In January 2021, a research study led by scientists at McGill University and the University of British Columbia identified potential conservation hotspot areas in Canada based on the environmental benefits posed to humans. The Hudson Bay Lowlands in particular was emphasized for its peatlands; it is the second-largest peat formation in the world.

Lorna Harris is a forests, peatlands, and climate change scientist for Wildlife Conservation Society Canada. The Hudson Bay Lowlands’ peatlands, Harris explains, are responsible for reducing close to 7,000 years’ worth of greenhouse gas emissions.

Because of the waterlogged conditions of the peatlands, organic materials aren’t able to fully decompose. Carbon that would ordinarily convert into carbon dioxide and release into the atmosphere is instead stored, tidily and for the long haul, within the peat soils. Peatlands store more carbon than any other vegetation type on the planet. But if these landscapes are damaged, they become a source of greenhouse gas emissions.

“That’s pretty significant for Canada to have this huge area of peatland,” says Harris. “They store around 35 billion tonnes of carbon. That’s more than Canada’s managed forest[s]…. It’s also more than the largest tropical peatlands in the world, which is the Congo peatlands.”

She adds that the Hudson Bay Lowlands is unique because its hydrology is intact—unlike wetlands in the U.K., for instance, which have been urbanized to various degrees— and First Nations communities have been fighting to keep it that way since the 1980s.

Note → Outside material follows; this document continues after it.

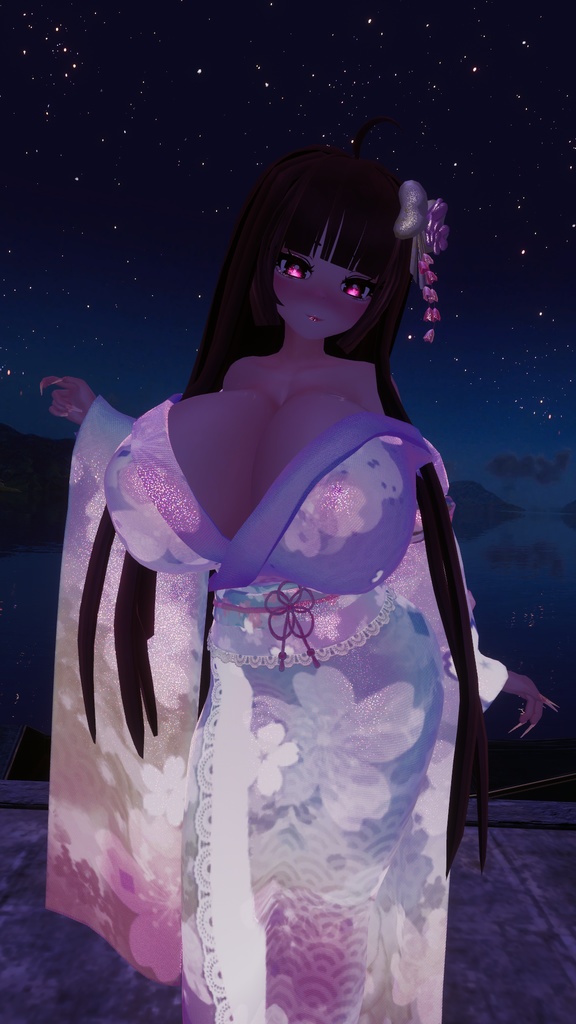 「ダリア」マジカワ ギャル 振袖 DLC READY 3D model Unitypackage VRChat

Recently, this has meant petitioning against a proposed mining development known as the Ring of Fire in the James Bay Lowland, an area that is rich in peat. The development is expected to threaten the land and water that Indigenous communities rely on, and the ecological value of the peatlands. “If we go in and put in a huge mining development and we disturb all of that carbon, we remove all of that peat, then we lose that carbon to the atmosphere,” says Harris. In a paper published in the journal Frontiers in Ecology and the Environment last year, Harris and 15 co-authors estimate that there is 130 to 250 million tonnes of carbon in the Ring of Fire area.

As it is, the International Union for Conservation of Nature estimates that damaged peatlands are responsible for nearly five percent of global anthropogenic carbon dioxide emissions. Releasing carbon in the Ring of Fire vicinity would undermine Canada’s climate target, as well as global emissions reductions.

Rampant development poses a threat to the Hudson Bay Lowlands, as does climate change, the warming and drying effects of which are already changing the land. But it’s completely feasible for humans to mitigate at least some of that impact.

According to Harris, climate modelling work has indicated the Hudson Bay Lowlands has the ability to remain a carbon sink for years to come. But it’s not a sure thing. “If we’re good and we manage to get emissions under control, then it’s very likely that the peatlands will continue taking carbon out of the atmosphere. And it’s assumed that they will continue doing that,” she says. “And we really need them to do that. To just sit there, to be as they are, to remain untouched, to do that job.”